What needs to be done: Skip the pictures and copy all the data that follows exactly.

Supplied data:

== == ==

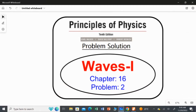In this video, I am going to solve the second question from chapter 16, Waves 1, from Principles of Physics, 10th edition.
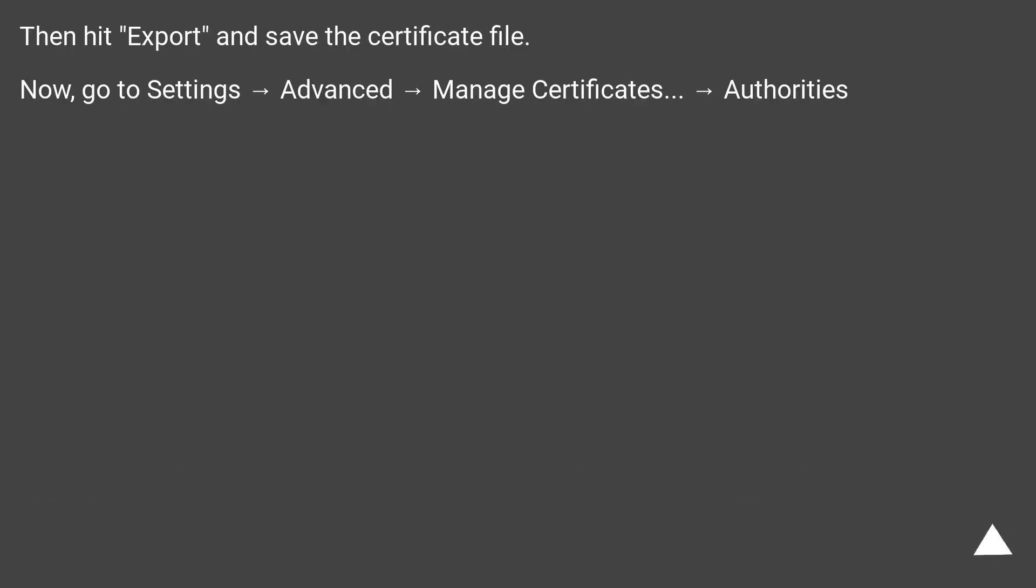Then hit 'Export' and save the certificate file. Now, go to Settings, Advanced, Manage Certificates, Authorities.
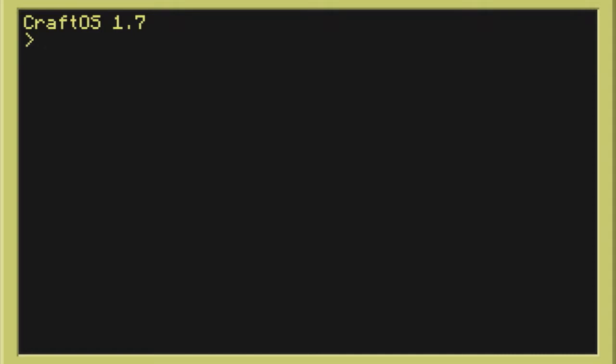Hello guys, Zam here. So last episode we went through some basic commands on ComputerCraft and we also made a very basic program.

== == ==

Reply to the exercise:
In this video, I am going to solve the second question from chapter 16, Waves 1, from Principles of Physics, 10th edition.
Then hit 'Export' and save the certificate file. Now, go to Settings, Advanced, Manage Certificates, Authorities.
Hello guys, Zam here. So last episode we went through some basic commands on ComputerCraft and we also made a very basic program.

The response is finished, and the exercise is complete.